The Lake District certainly has its share of good canoeing venues. As well as sporting some fine rivers the beautiful lakes, from which it takes its name, are perfect for a spot of open boat fun. And with the areas equally stunning hills and mountains we knew that we could find what we were looking for, but we wanted a route that would actually let us combine a day on the water and the hill without the need for cars and complicated shuttles.
    A bit of research and map pawing revealed their Keswick site, situated in the north lakes nestled between some of Lakeland’s most impressive mountains and the shores of Derwent Water. The town of Keswick is a magnet for outdoor enthusiasts of all types and has a great selection of pubs, cafés and restaurants, oh and more outdoor shops than you can shake a walking pole at. And with the town within easy walking distance for provisions, shopping and of course the obligatory après paddle pint it looked like a perfect base for our trip. A quick call to Ruth at the Caravan and Camping Club revealed that they welcomed paddlers with open arms and it was no problem to launch from their site and we could even camp within spitting distance of the shoreline.
Ready to roll - Canoes on the roof and fells in the distance    With the location sorted we decided that it would be way more fun with a couple of canoeing companions, so we recruited friends and work colleges Kate and Chris, from Climber Magazine to join our mini-expedition. I was pretty sure that I’d have enough spare paddling gear knocking around in my garage to kit everybody out with a buoyancy aid and paddle top, but we were going to need some canoes! I’d done a bit of canoe touring in the past, but everyone else on the trip was pretty new to paddling, however we wanted to cover some miles and there was always the possibility of chop, so we wanted something that would look after us, but also had some performance too. Enter Huw and Mark from White Water Consultancy and their kind loan of a pair of Mad River Explorers. They proved to great boats and the perfect tools for the job. With the date set for the end of September the only thing left to worry about was just how was I going to get two Canadian canoes on to the roof of my hatchback? Then like a message from above the office phone rang and a voice said that it was from Mitsubishi and that they had a new version of their L200 Warrior truck out and they figured it was just the ticket for adventurous canoeists… And would we like to take one for a spin! Well I tell you, I had to think about that one for at least a nano-second. A quick chat about roof racks and boat dimensions and we were set. Canoes, campsite and a great big shiny truck… sorted!
    The Warrior arrived the day before the trip and with the double cab and utility top on the back there was ample space to stuff with gear. A quick modification, with roof rack straps and two planks of timber, to widen the rack (only had standard bars fitted) and we were ready to hit the road top Carmarthen to collect the canoes from the WWC boys.
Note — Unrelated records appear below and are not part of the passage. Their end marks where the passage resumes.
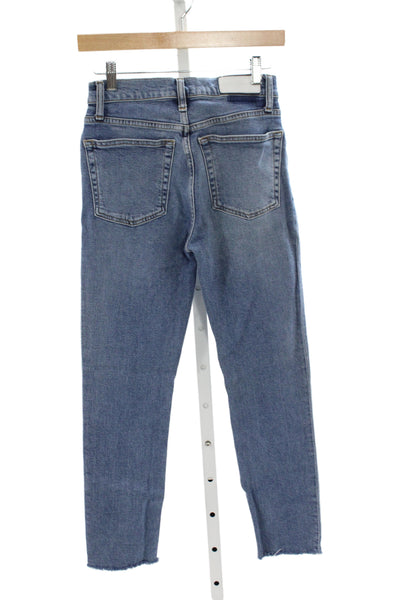 Re/Done Womens Straight Jeans High Rise Blue Cotton Button Size 26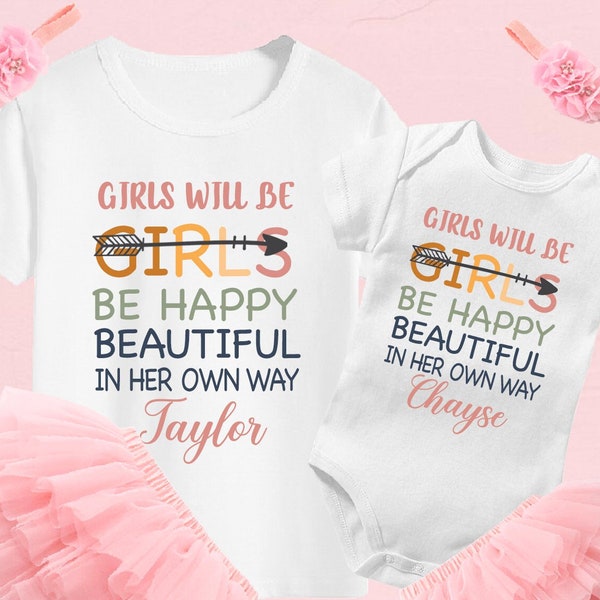 Girls will be Girls Baby Bodysuit Toddler Tees, Sisters Matching Outfit - Add Baby's Name - Boho Pink Orange, Tutu Dress Headbands Set of 3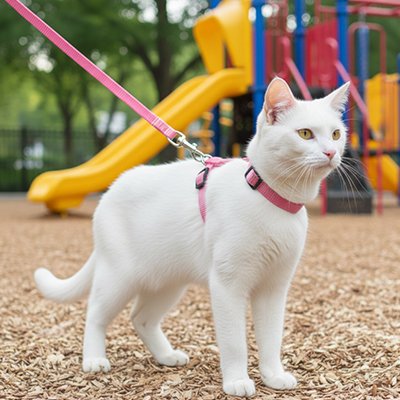 Chat blanc au parc de jeux portant son harnais chat rose.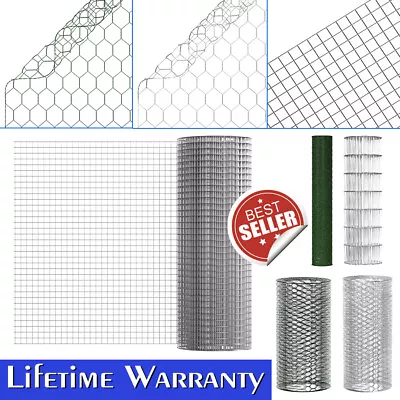 5-50m Welded Wire Mesh Aviary Fencing Fence Chicken Rabbit Garden Galvanised/PVC • £40.73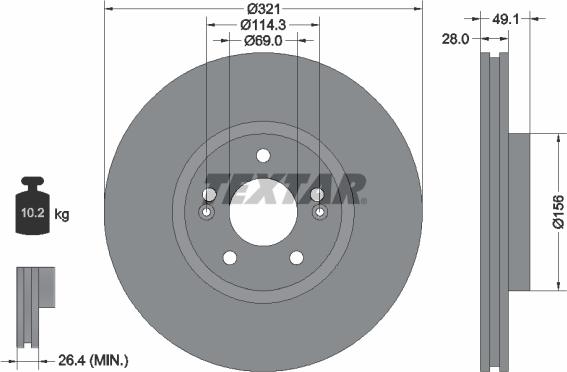 Textar 92166003 - Disque de frein cwaw.fr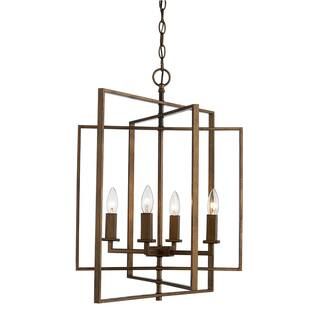 Bel Air Lighting El Capitan 20 in. 4-Light Antique Gold Pendant with Metal Shade 10595 AG | The Home Depot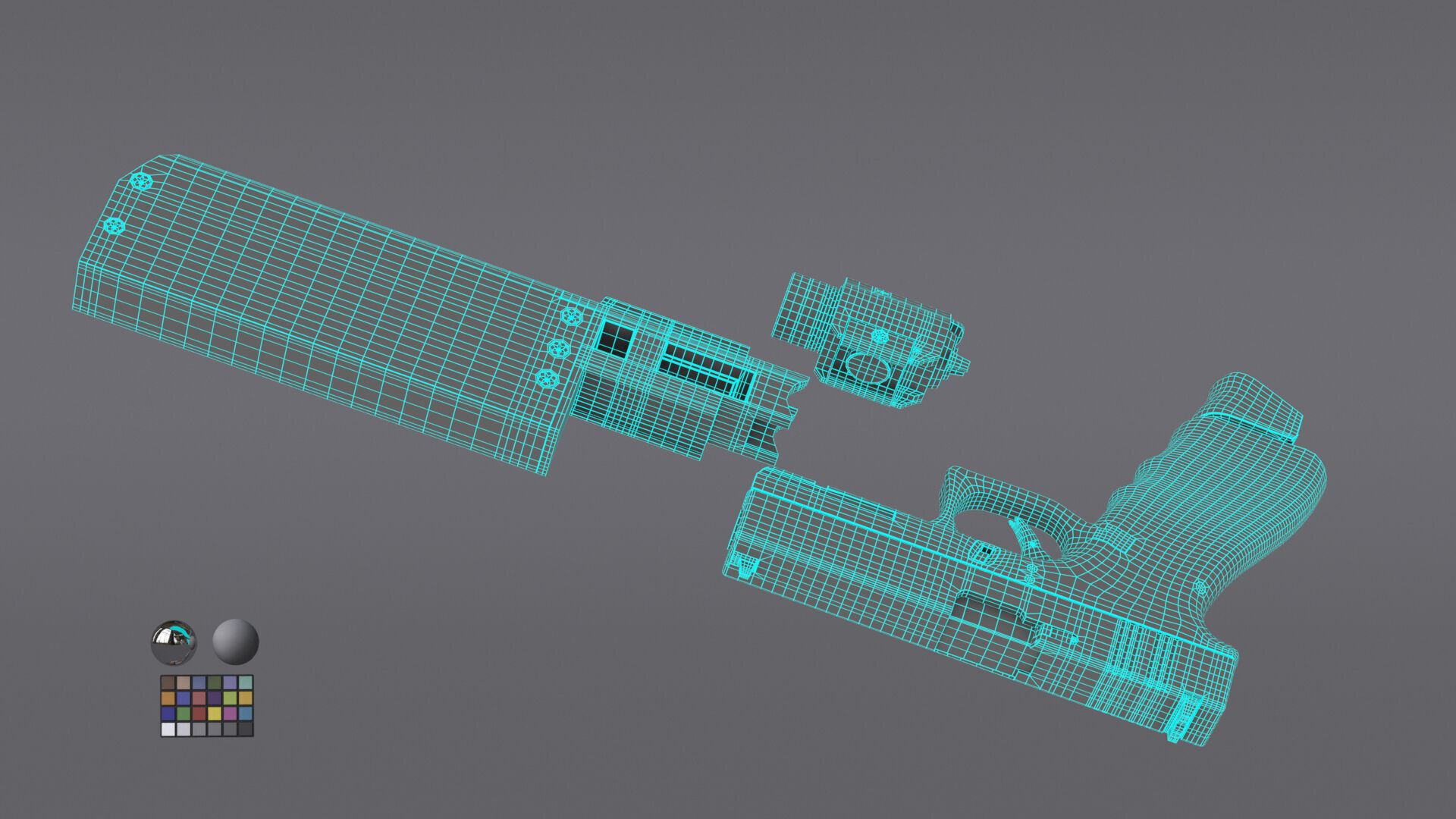 Glock 17 Pistol Gun Silencer Flashlight Attachement  3D model_16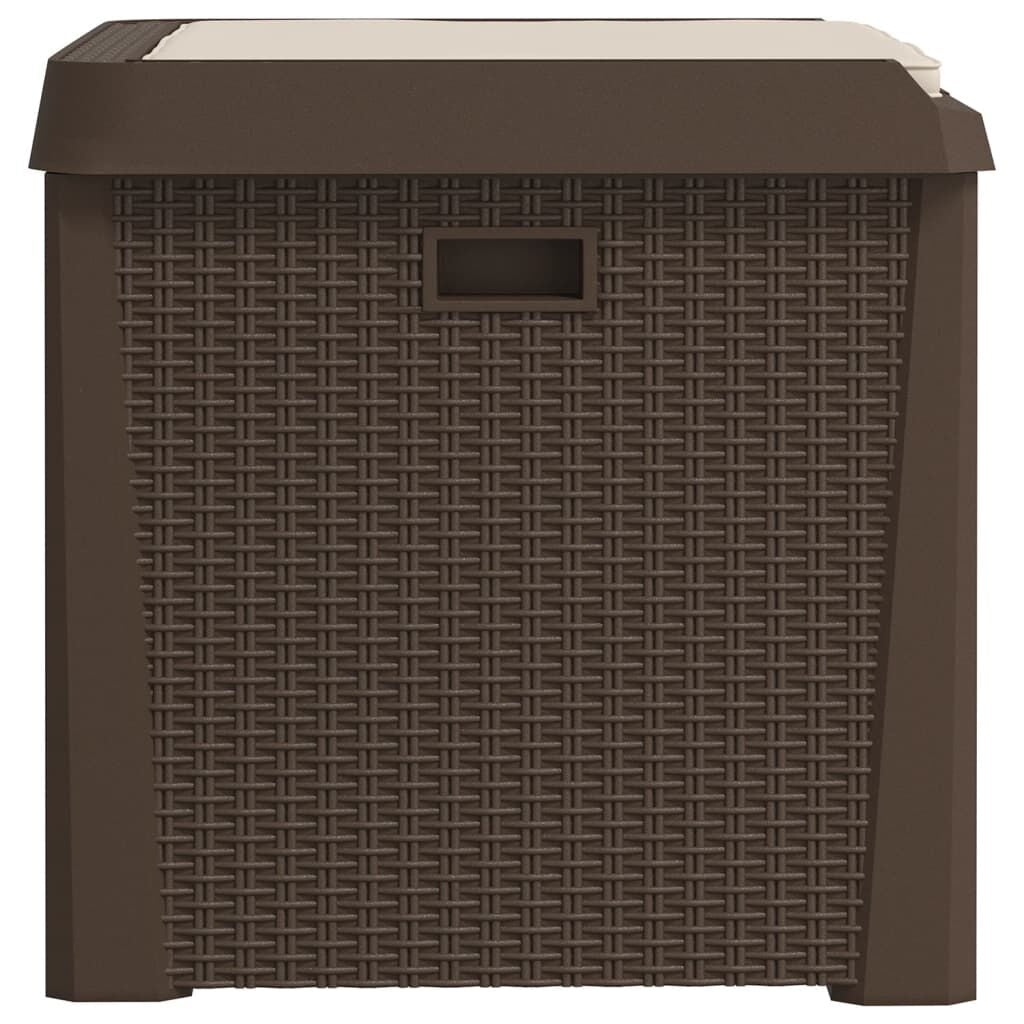 Gartentruhe Mit Sitzkissen Braun 125 L PP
With the canoes collected and safely strapped down it really was an eye-catching ride.
    The following morning dawned and we were up with the proverbial larks to hit the road to the Lakes. Faye and I had opted to take the Friday off to get the drop on the weekend traffic, but Kate and Chris had to work, so were heading up that evening to rendezvous with our ‘advanced party’ in Keswick. As we rumbled up the A1 the rain was coming thick and fast from the dark grey sky. Not what we’d been hoping for. Whatever the time of year the weather in the Lakes can be changeable, but we’d been scanning the forecasts for the last week and we were hopeful of a crisp but sunny weekend. Oh well, there was no going back now. As we ate up the miles the rain finally stopped and as we cruised along the A66 sandwiched between the Pennines and the Yorkshire Dales the sun did the decent thing and popped it’s head out. Just under an hour later and we we’re rolling in to Keswick under a bright blue sky and a blazing sun.
    On arrival at the site we checked in with Tracey, the site manager and were shown to a cracking pitch right by the water. We wasted no time and got the tents up in no time at all then took a moment to enjoy the stunning views that the campsite offers. Sitting on our camp chairs enjoying a welcome brew we could see Skiddaw, Little Man and Blencathra behind us. Looking out across Derwent Water towards Borrowdale we could see Grisedale Pike, Hopegill Head, the Derwent Fells, Cat Bells and Maiden Moor off to the west. And to the east Castlerigg Fell, Bleaberry Fell, grange Fell and High Seat. It was a really breathtaking sight, and one that got even better as we took to the water for an afternoon warm up paddle. It was Faye’s first time in an open boat, but after a bit of gentle coaching she was soon paddling like a seasoned paddler. We decided to explore a little up the Western side of Derwent with the idea of scoping out possible landing spots that would give us access to the hills. There were a few sailing boats out, taking advantage of the breeze and the late afternoon sun and the odd tourist ferry livened things up with their large bow waves! We paddled out past the Lingholm Islands, which are just really large rocks with the odd tree and vegetation, and along the wooded bank towards Copperheap Bay. We then turned around and retraced our paddle strokes to the campsite shore feeling the hunger pangs that signalled that it was time for diner. Chris and Kate arrived a few hours later after a long slog in the Friday rush to the hills traffic and we enjoyed a couple of jars and another map pawing session to finalise our multi-sporting route.         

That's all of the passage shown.